The accurate differentiation of pulse thunderstorms from benign weakly forced thunderstorms (WFTs) is both a historical and contemporary forecasting challenge. Little research has been directed toward WFTs, and the few existing efforts are characterized by small sample sizes and inflated proportions of pulse thunderstorms. The purpose of this study was to determine whether pulse thunderstorms can be successfully differentiated from non‐severe WFTs within a large, mostly non‐severe sample, a more operationally realistic scenario. Random forests, a decision‐tree‐based machine learning technique, was applied to radar, total lightning and environmental parameters of >84,000 WFTs, of which <1% were pulse thunderstorms. In particular, differential reflectivity ( Z DR ) fields were mined for occurrences of Z DR troughs, suggested by recent work as a reliable indication of impending downbursts. The random forest identified pulse thunderstorms from the 84,000 storm sample with a critical success index (CSI) of 0.29. The CSI improved to 0.50 in a subset of the most active geographical regions and convective environments, outperforming the US National Weather Service (CSI = 0.35) for warnings issued on pulse thunderstorms.
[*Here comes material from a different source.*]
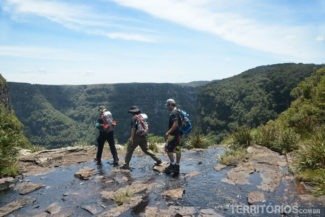 Trilha passa por cima da cachoeira do Tigre Preto Trilha passa por cima da cachoeira do Tigre Preto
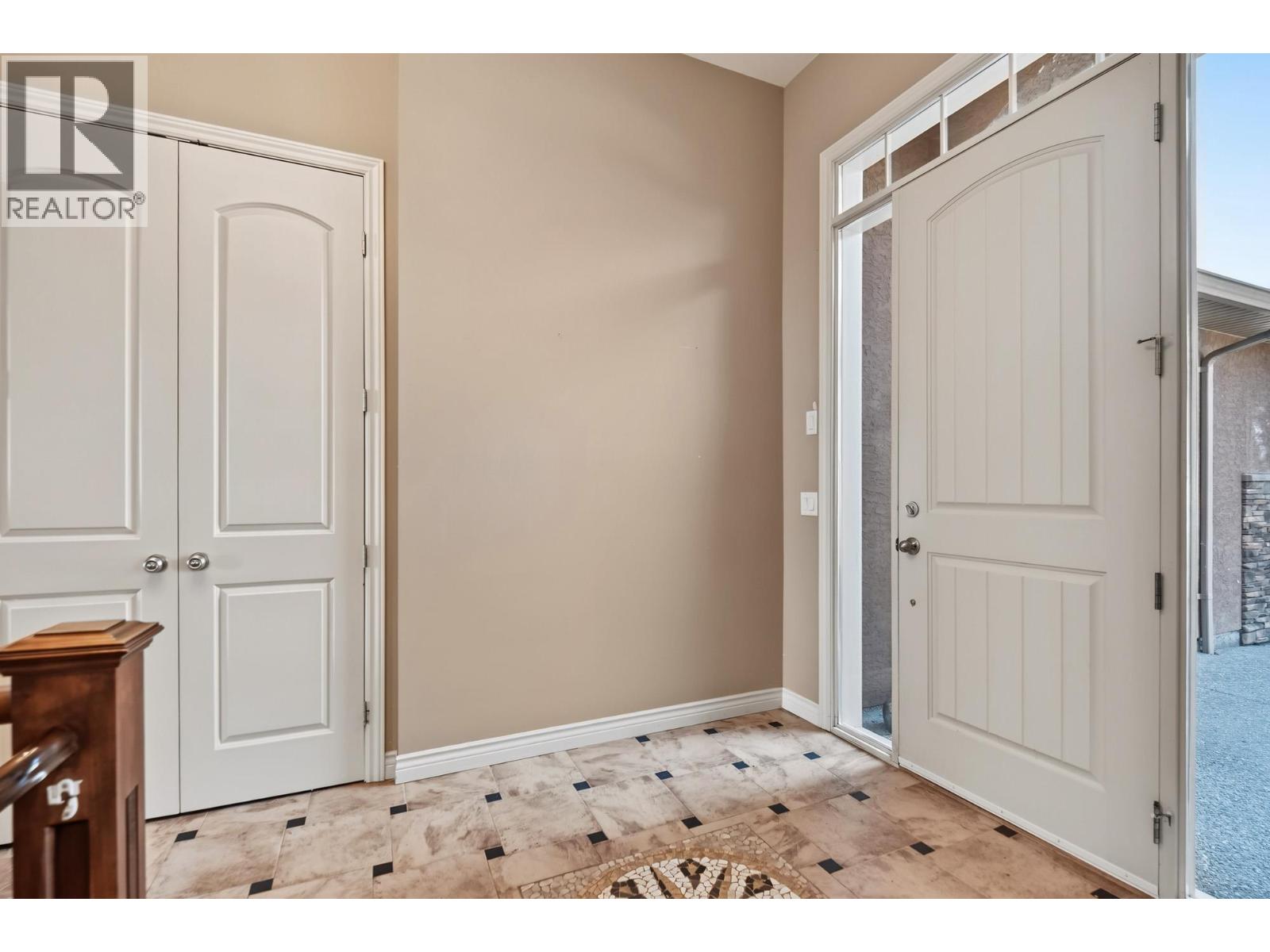 2405 Cobblestone Road Property Photo 5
Unfortunately, the presence of Z DR troughs contributed little skill to the random forest. Although forming at higher rates in pulse thunderstorms (61%) than non‐severe WFTs (5.1%), trough‐possessing non‐severe WFTs were roughly 9× more common than pulse thunderstorms with the same feature. Overall, the random forest shows promise as a potential decision aid for identifying pulse thunderstorms. Performance may be further improved if collinearity amongst the radar parameters and probable under‐reporting of severe weather can be overcome.